Finally, let's quickly make a tiny Go container management program. As any container manager, it should be interested in the container's stdout content. It will be reading the data written by the container to its stdout and reporting it back to us. And as we learned earlier, we need to use runc in the detached mode:

package main

import (
    "fmt"
    "os"
    "os/exec"
    "strings"
)

func main() {
    // We want to have a full control on the container's
    // stdout, so we are creating a pipe to redirect it.
    rd, wr, err := os.Pipe()
    if err != nil {
        panic(err)
    }
    defer rd.Close()
    defer wr.Close()

    // Start runc in detached mode.
    fmt.Println("Launching runc")

    cmd := exec.Command("runc", "run", "--detach", os.Args[1])
    cmd.Stdin = nil  // i.e. /dev/null
    cmd.Stderr = nil // i.e. /dev/null
    cmd.Stdout = wr
    if err := cmd.Run(); err != nil {
        panic(err)
    }

    // Read some data from the container's stdout.
    buf := make([]byte, 1024)
    for i := 0; i < 10; i++ {
        n, err := rd.Read(buf)
        if err != nil {
            panic(err)
        }
        output := strings.TrimSuffix(string(buf[:n]), "\n")
        fmt.Printf("Container produced: [%s]\n", output)

    }

    // Get bored quickly, give up and exit.
    fmt.Println("We are done, exiting...")
}

Now let's try to use our manager to run a container with the aforementioned script:

$ sudo `which go` run main.go cont2
Launching runc
Container produced: [time is Sun Dec 15 16:34:25 UTC 2019]
Container produced: [time is Sun Dec 15 16:34:25 UTC 2019]
Container produced: [time is Sun Dec 15 16:34:25 UTC 2019]
Container produced: [time is Sun Dec 15 16:34:25 UTC 2019]
Container produced: [time is Sun Dec 15 16:34:25 UTC 2019]
Container produced: [time is Sun Dec 15 16:34:25 UTC 2019]
Container produced: [time is Sun Dec 15 16:34:25 UTC 2019]
Container produced: [time is Sun Dec 15 16:34:25 UTC 2019]
Container produced: [time is Sun Dec 15 16:34:25 UTC 2019]
Container produced: [time is Sun Dec 15 16:34:25 UTC 2019]
We are done, exiting...

It seems like a successful attempt. However, if we check the status of the container after the manager's exit we will notice that the container has been stopped as well:

$ sudo runc state cont2
{
  "ociVersion": "1.0.1-dev",
  "id": "cont2",
  "pid": 0,
  "status": "stopped",
  "bundle": "/home/vagrant/container2",
  "rootfs": "/home/vagrant/container2/rootfs",
  "created": "2019-12-15T17:03:24.266072187Z",
  "owner": ""
}

This is obviously not the desired behavior. Even though the container manager exited, we want to have the container running indefinitely. We even used the detached mode, so we know that the container process was reparented to the host's init process right after the runc run --detach execution. So, what happened to the container?

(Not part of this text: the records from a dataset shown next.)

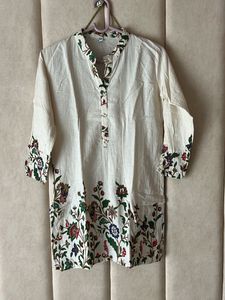 Short Khakhi Kurti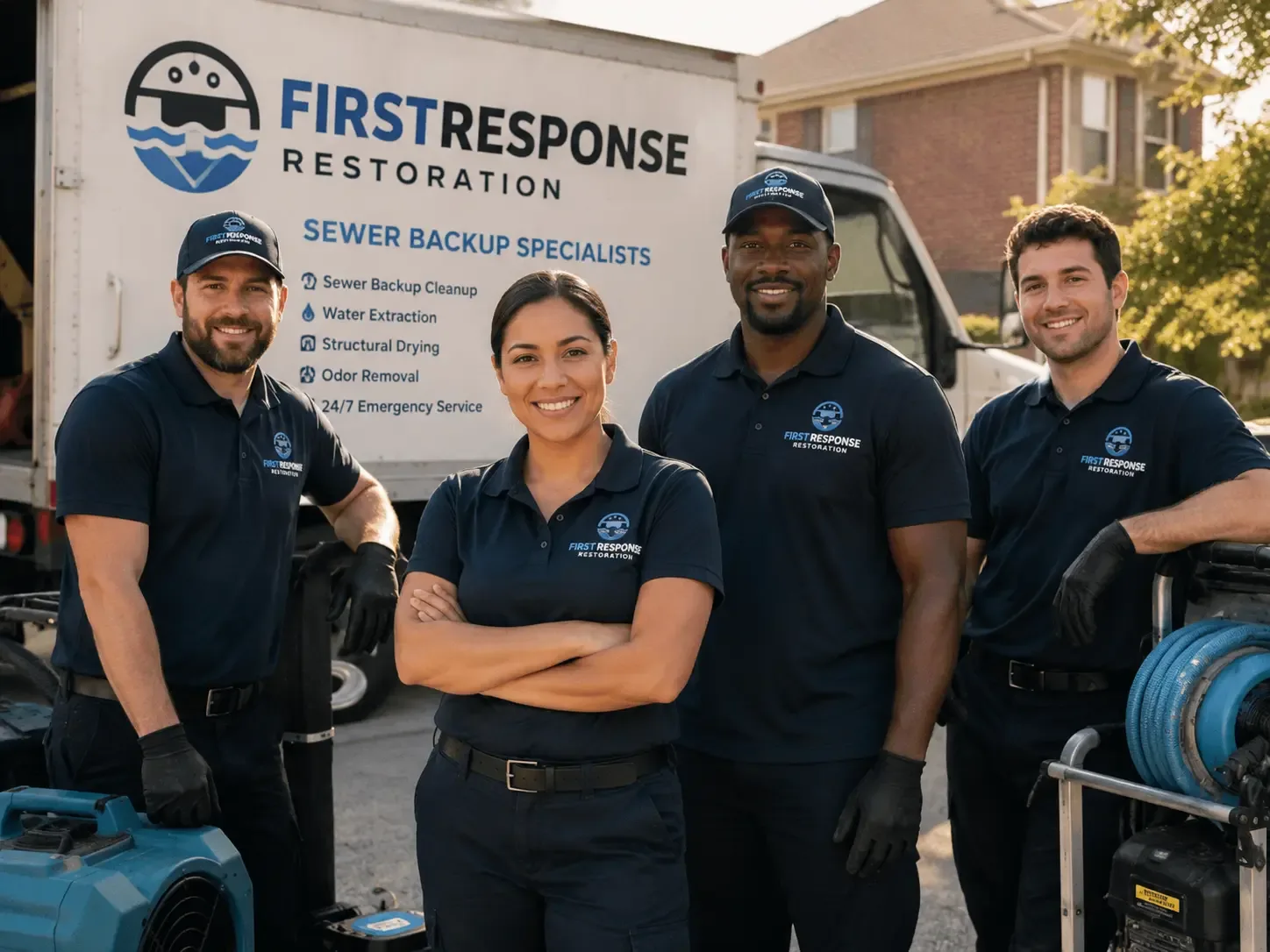 FirstResponse Restoration serving Huson, MT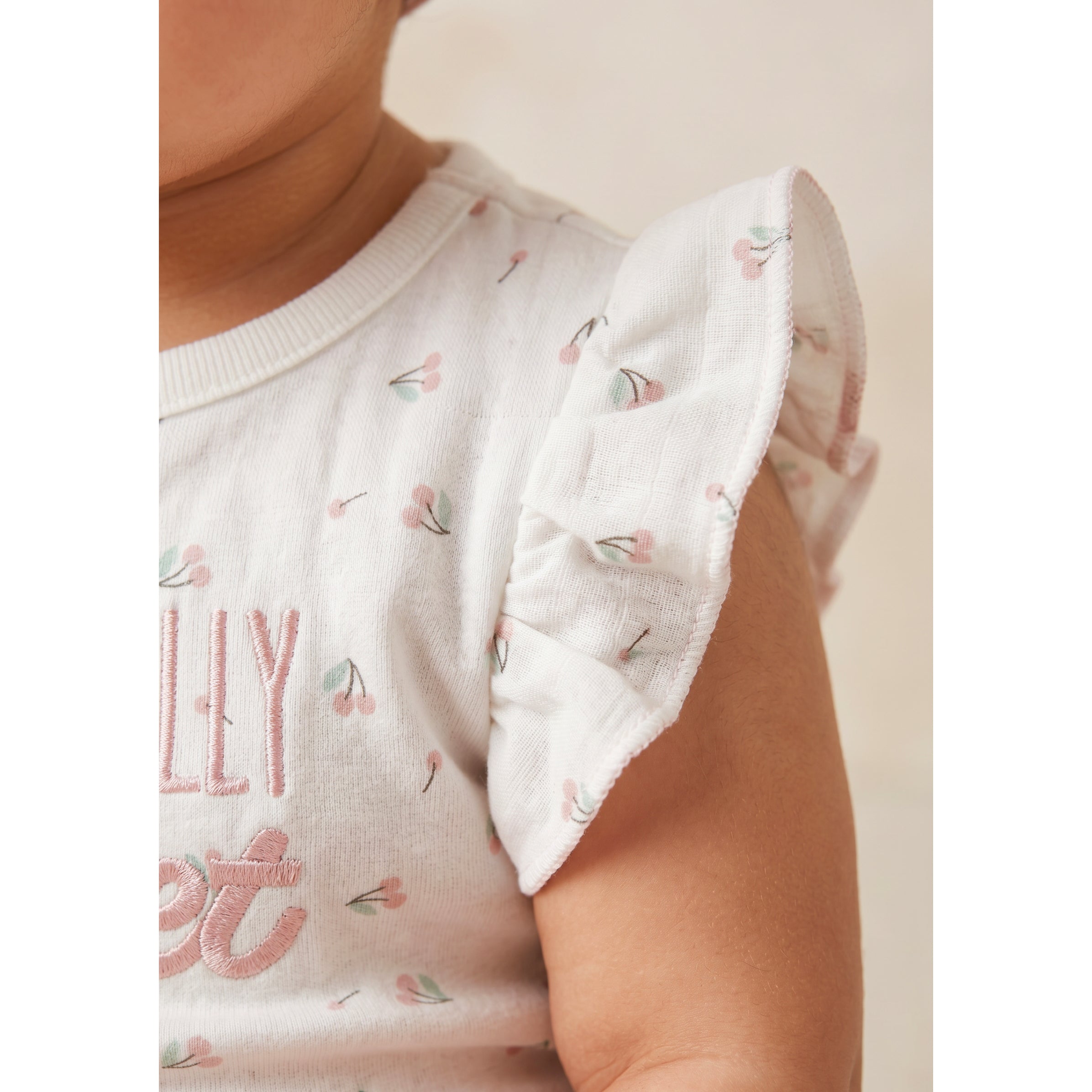 Imported Infant Baby Girl Romper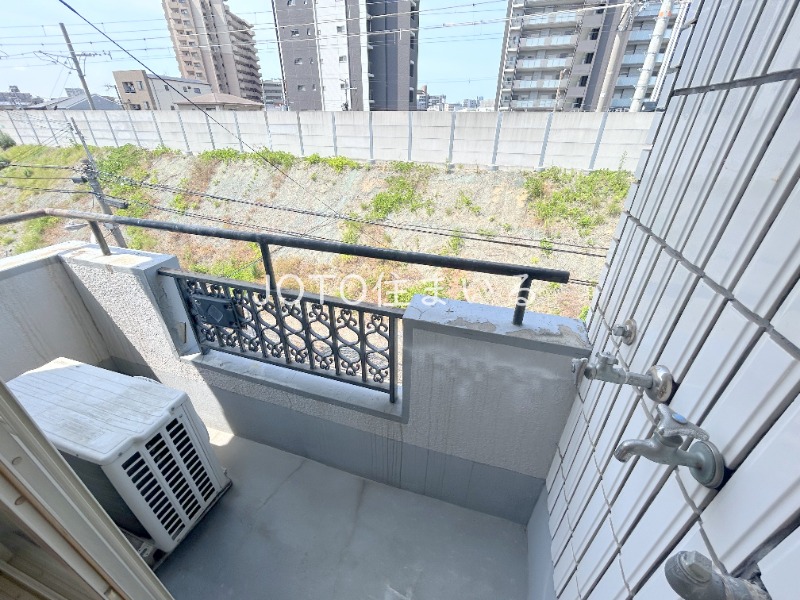 12/28 バルコニー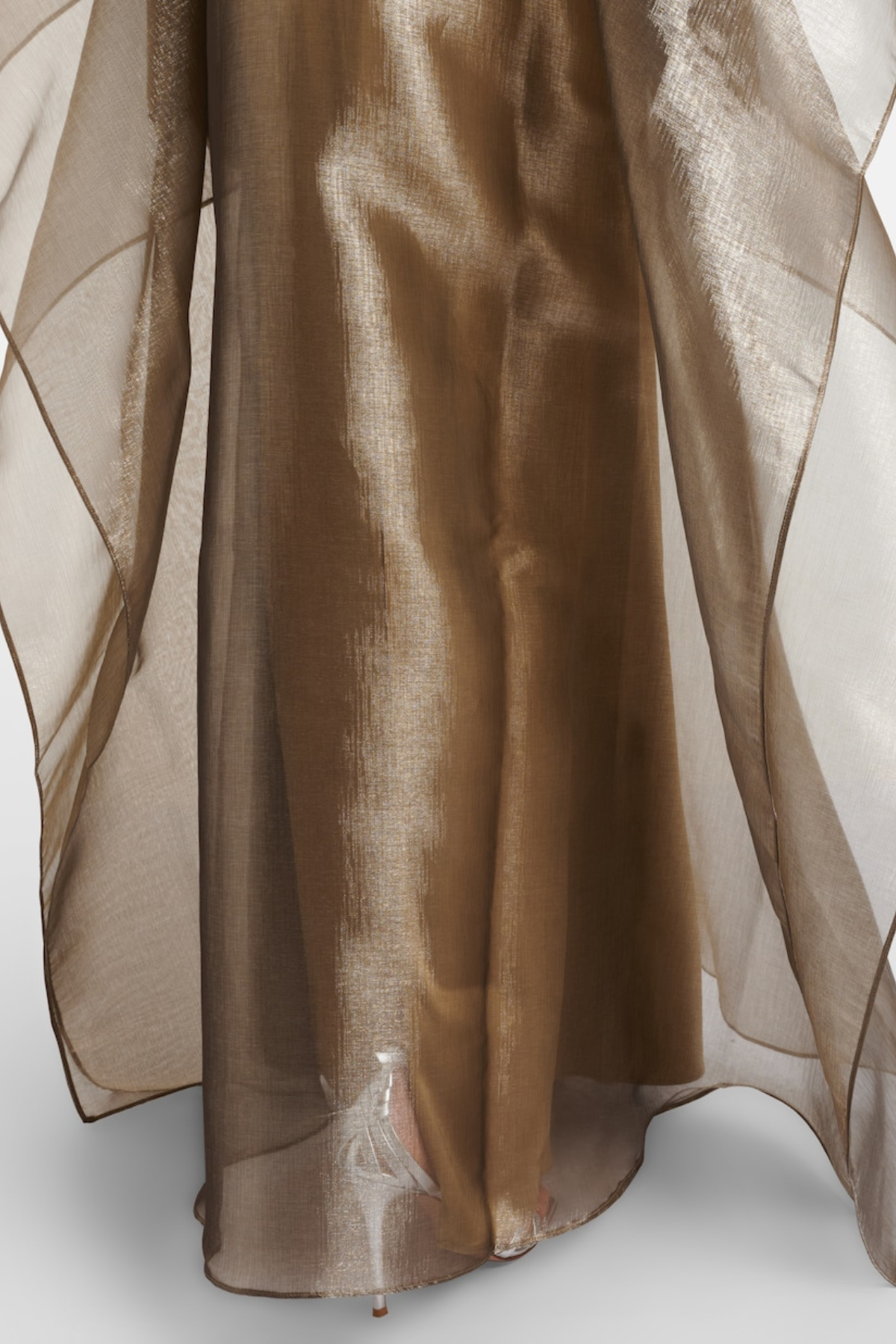 Ffion Mesh Shawl Maxi Dress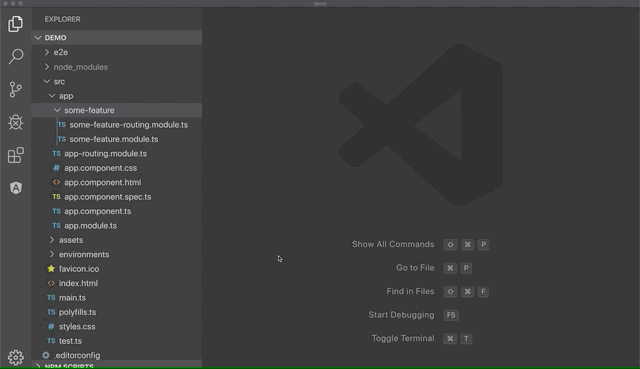 Angular Schematics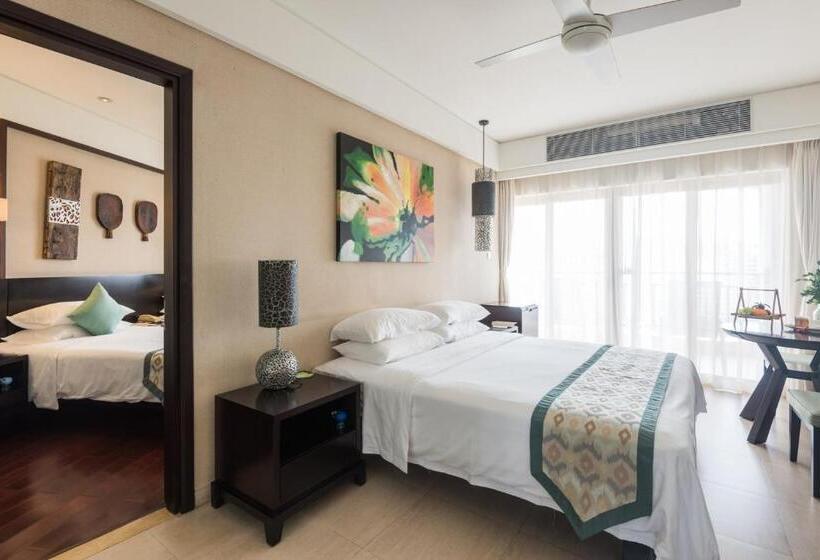 2 Bedrooms Suite Sea View, Howard Johnson Resort Sanya Bay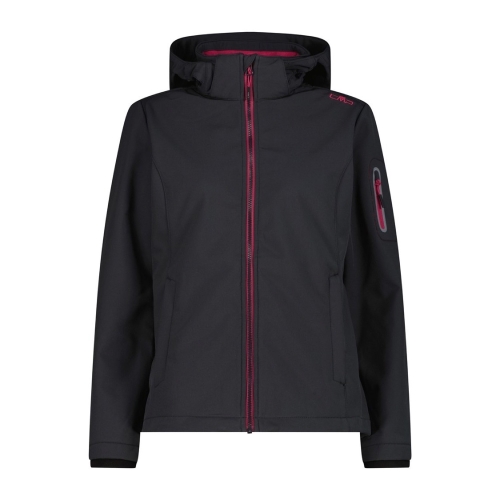 Kurtka softshell damska CMP 39A5006/21UZ - szara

It's not hard to guess, that the actual container termination reason should have something to do with the ability to write to its stdout. If we check the /var/trap.log file we will prove that theory quickly:

$ cat rootfs/var/trap.log
got SIGPIPE, exiting...

This exercise shows that if we want to keep control of the container's stdio streams, the container process cannot be independent of the launching process. And since we know, that the container manager can be restarted due to a crash, update, or some other reasons, that makes it impossible to launch runc directly from the container manager process. Thus, we need to have a helper process living as long as the underlying container process and serving it. And such a process called container runtime shim.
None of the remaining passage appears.